The second theory holds that the football writers who vote on Hall of Fame matters are of a sufficiently younger generation that they just don’t know enough about Kramer’s playing days and therefore they discount a guy who has been nominated several times in the past. But not knowing isn’t right.

Baseball writers finally got around to selecting the worthy Orlando Cepeda for the baseball Hall of Fame in 1999. Cepeda quit playing 25 years before. A careful review of Kramer’s career by the current selection panel will show, beyond a doubt, that his career is worthy. Cepeda waited for a quarter century, Kramer has been shut out for more than 40 years. It’s time.

Finally, in a perverse way it’s been suggested by some that Kramer the author – his best seller Instant Replay is still one of the best sports books ever – hurt his Hall of Fame chances because of his candid take on what life was – or may still be  - inside the NFL. If there is any truth to this theory it too is poppycock. Kramer was not only a rugged, physical, smart football player, he happens to write well, even elegantly, and his keen observations on Lombardi, his teammates, the media and football showcase that he was far from a one dimensional pulling guard. Kramer’s substantial literary accomplishments are just frosting on this offensive lineman’s career cake.

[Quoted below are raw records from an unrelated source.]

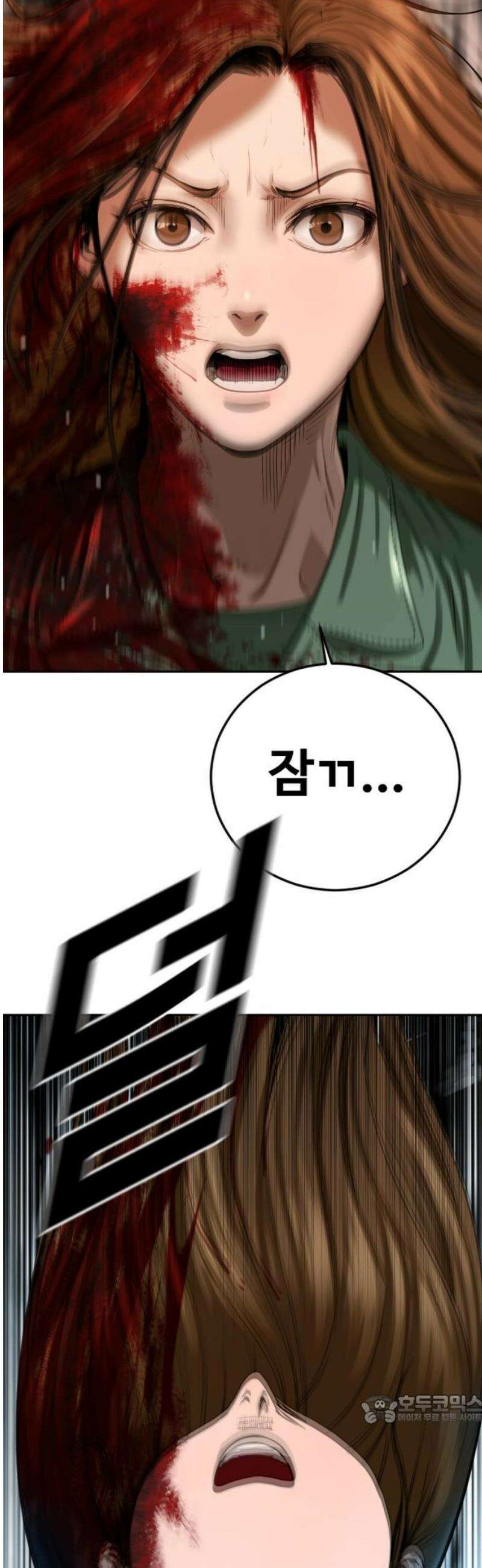 강제소집 2화 인생은 불공평 49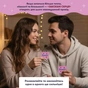 Мини-игра Orner Влюбленные сердца (orner-3624) - уменьшенное изображение 8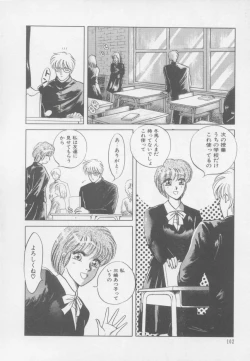 Page 108 of Artemis no Yakata  Vol.1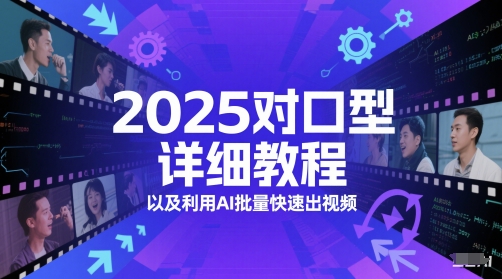 2025对口型详细教程以及利用AI批量快速出视频-一百创业网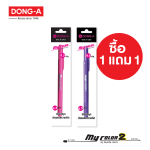 1 แถม 1 ปากกาสี my color 2 DONG-A mc2-1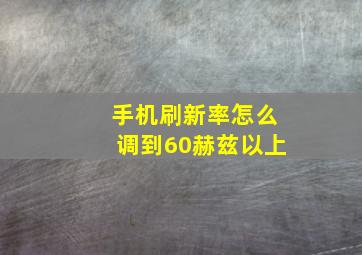 手机刷新率怎么调到60赫兹以上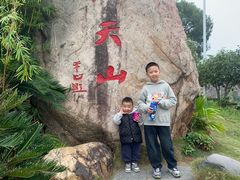 -飞天山旅游区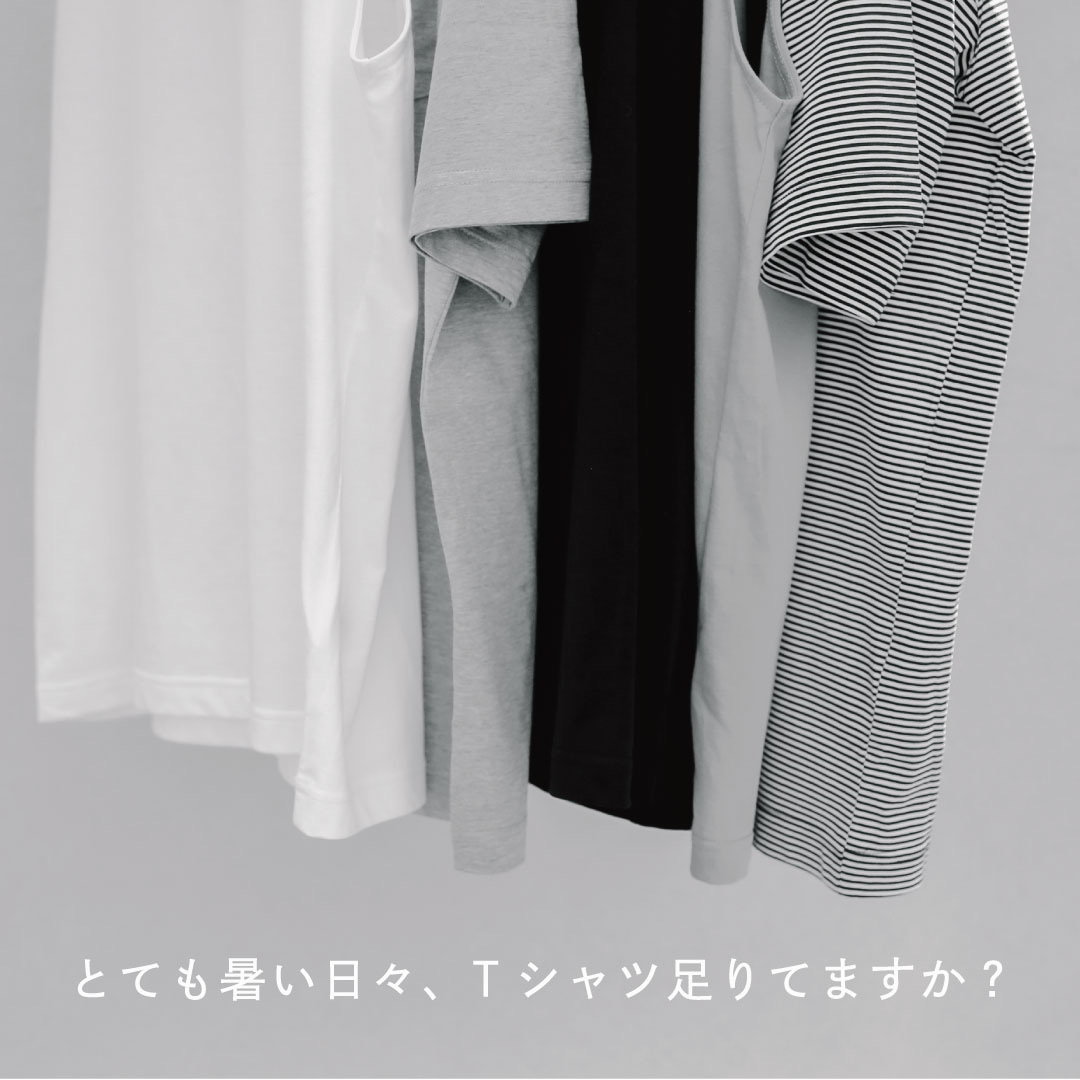 EEL TRAVAIL MANUELの通販は6DIRECTIONS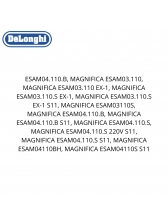 Bico de saida de agua e vapor cafetira delonghi ESAM P2 B8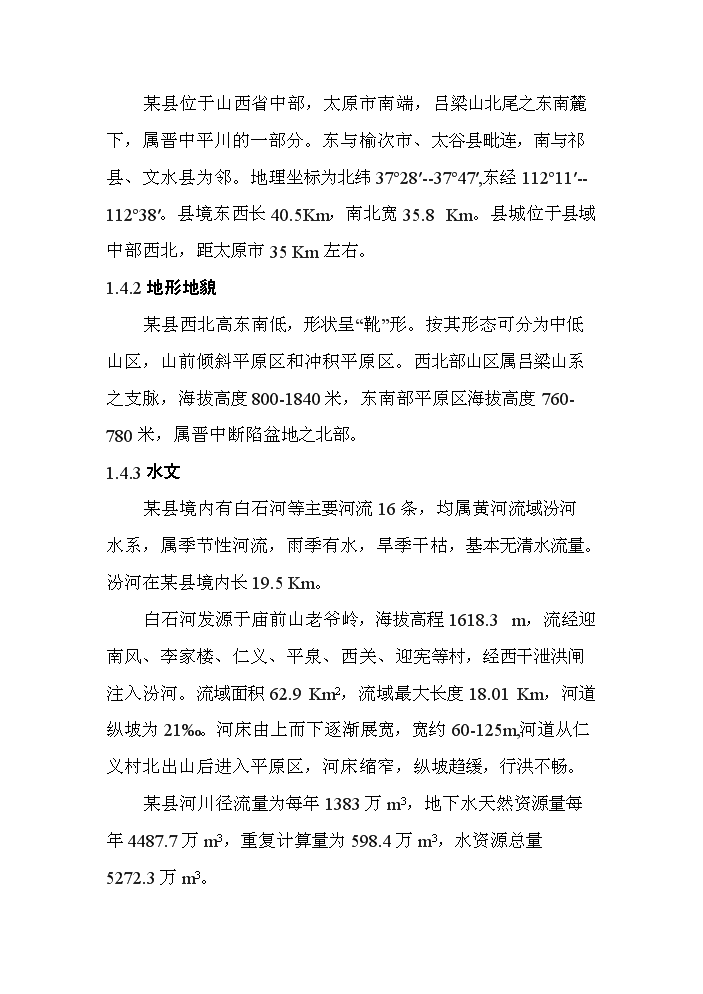 （定稿）山西某某縣城鄉供水管網(wǎng)改造工程資金申請報告4第3頁(yè)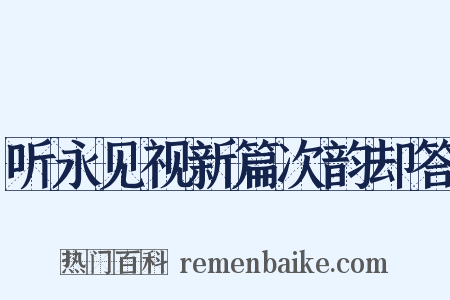 听永见视新篇次韵却答是什么意思的图片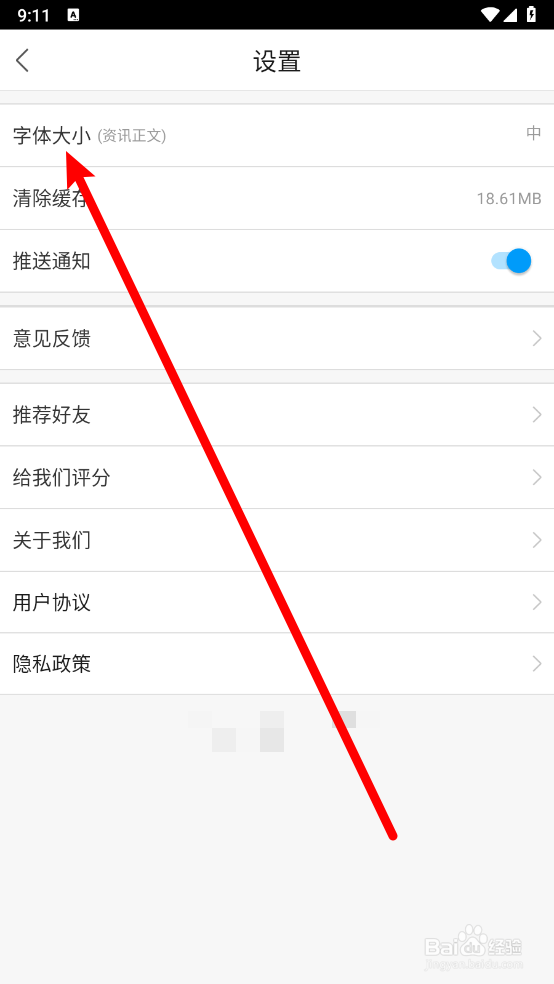 无线梅州app怎么设置字体大小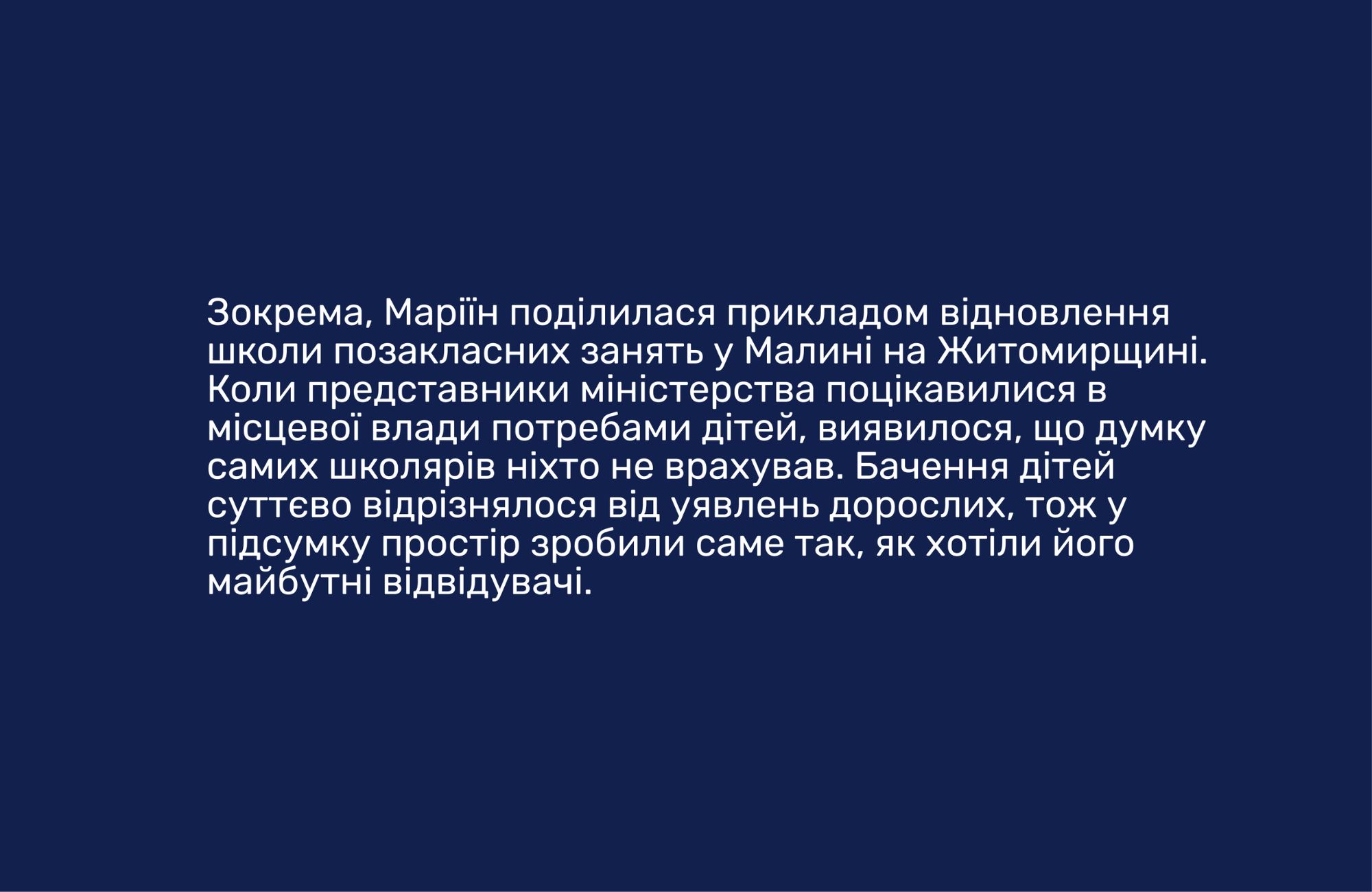 Людиноцентричність і довгостроковий розвиток – про що спілкувалися на панельній дискусії «На шляху до URC 2027: Відбудова України – хто диктує пріоритети?» на «Фестивалі думок 2026» | БФ «Схід SOS», картинка №7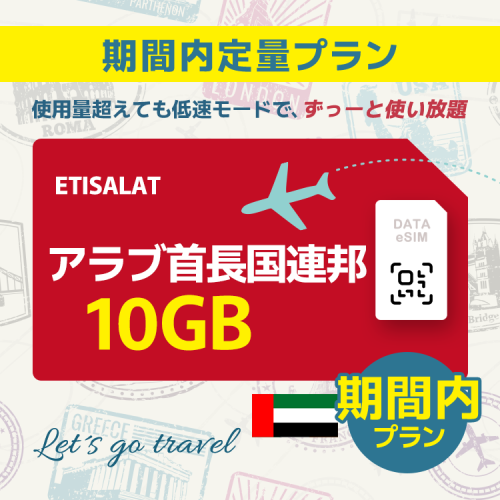 アラブ首長国連邦 - 10GB/期間内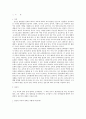 유아교육기관의 교사들이 느끼는 교육의 환경, 정신적 문제, 사회적 문제 2페이지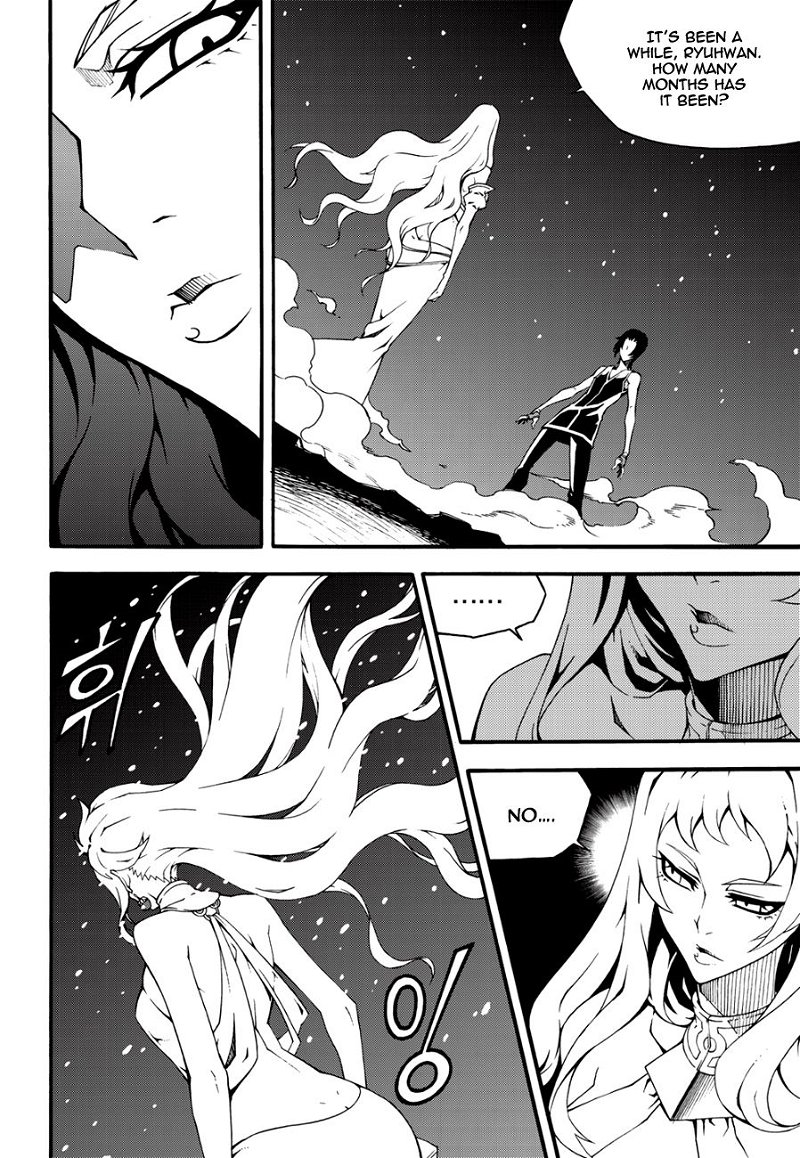Witch Hunter Chapter 129 - Page 6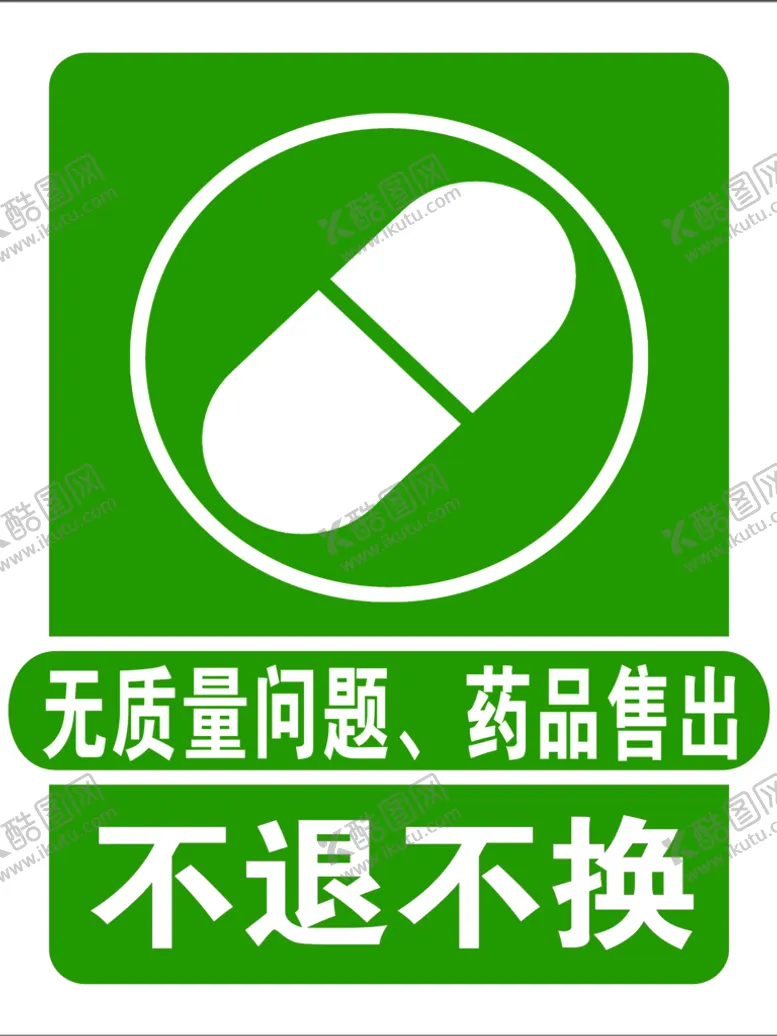 编号：39420810090007445279【酷图网】源文件下载-药品不退不换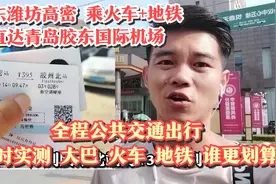 山东潍坊高密到青岛胶东国际机场，火车+地铁，公共交通出行实测视频封面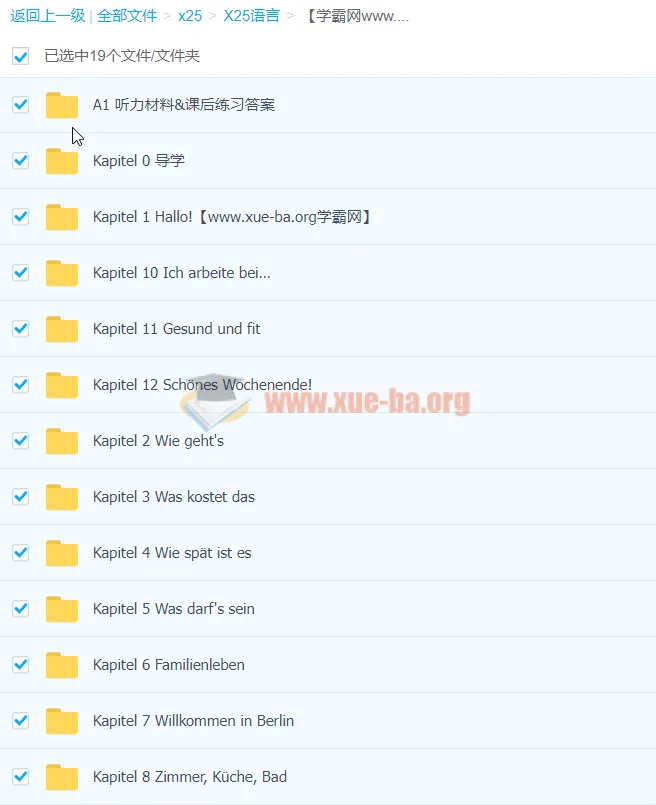 德语初级（柏林广场A1）系统课程，助力轻松开口说德语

The latest effort to Get Kramer to the Hall isn’t the work of Jerry Kramer. He has said he’s often introduced as a Hall of Famer and he’s quit correcting the record simply because so many people think a guy with his credentials must just automatically be were the greats go to be remembered. He’s not losing sleep over the snub and his ego is in check. Kramer isn’t a guy to live in the past even though his stories about Lombardi and the Green Bay dynasty are still the stuff of football legend.

No, the effort to get Kramer his due has been spearheaded by his daughter with a little volunteer help from my firm and a whole bunch of people who like the big guy and feel like getting his plaque up on the wall in Canton would amount to one of the world’s little wrongs made right. The University of Idaho joined the parade this week.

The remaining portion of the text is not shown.